Budget increases for trading desks drove buy-side technology spending above $10 billion last year, according to a new report – Buy-Side Technology Spending Continues Upward – from Coalition Greenwich.
Its research showed that the average buy-side trading desk budget increased approximately 5% last year, to $2 million annually.
The consultancy found that technology accounts for about a third of that spending, with compensation comprising the remainder.
The report said the trend is fuelling fierce competition amongst an expanding host of innovative institutional fintech providers.
“Fintech providers are offering buy-side firms cutting-edge tools to improve the research process, risk management and cybersecurity capabilities, to name a few,” says Brad Tingley, research manager at Coalition Greenwich market structure & technology and author of the report.
He adds, “To remain competitive, trading desks must make sure they are taking advantage of all the opportunities technology provides.

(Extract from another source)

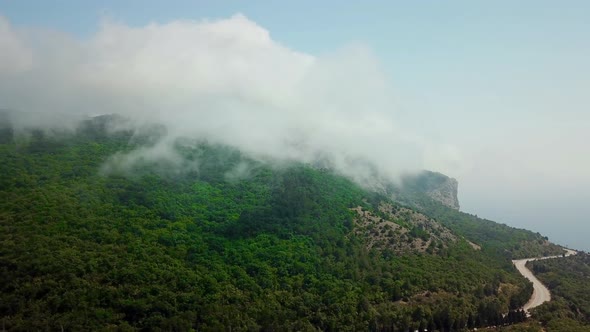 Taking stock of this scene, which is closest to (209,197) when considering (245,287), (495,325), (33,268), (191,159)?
(191,159)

“This is not to say that technology will be replacing human traders. Success today requires having the right people in the right roles—with the right technology at their disposal.”
Fixed income trading desks drove much of last year’s technology spending with a 12% year-to-year hike.

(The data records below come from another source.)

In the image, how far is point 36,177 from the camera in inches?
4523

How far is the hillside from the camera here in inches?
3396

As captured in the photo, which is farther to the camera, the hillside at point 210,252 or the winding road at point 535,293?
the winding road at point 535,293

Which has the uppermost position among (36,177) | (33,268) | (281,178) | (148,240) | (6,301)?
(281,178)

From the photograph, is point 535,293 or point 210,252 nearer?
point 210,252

In the study, fixed-income trading desks spanned both rates and credit markets. Breaking it down further, in total, 56% traded U.S. corporate bonds, 44% U.S. Treasuries, and 44% interest-rate derivatives.

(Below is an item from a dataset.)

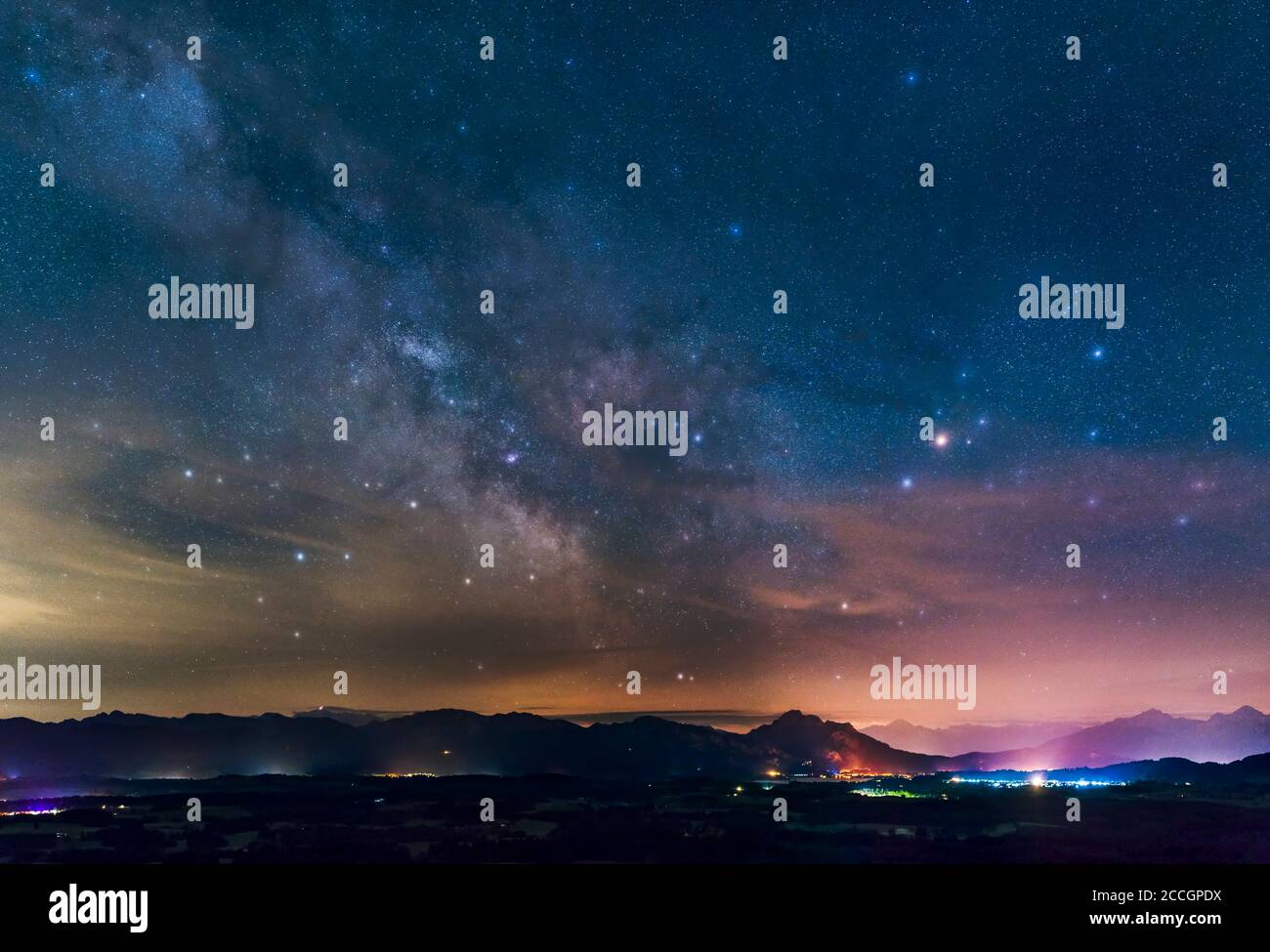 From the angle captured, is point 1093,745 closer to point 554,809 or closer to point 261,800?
point 554,809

As for equity trading desks, budgets increased 4% with market data terminals taking the biggest chunk, accounting for 30%.
The study also found equities trading desks spent significantly on order management systems (OMSs) (24%), market data feeds (13%) and risk and portfolio analytics (7%).
For equities, the respondents are primarily responsible for cash equity trading, although just under 50% also trade equity derivatives.
Foreign exchange was the only asset class that saw a drop in budget of 2%.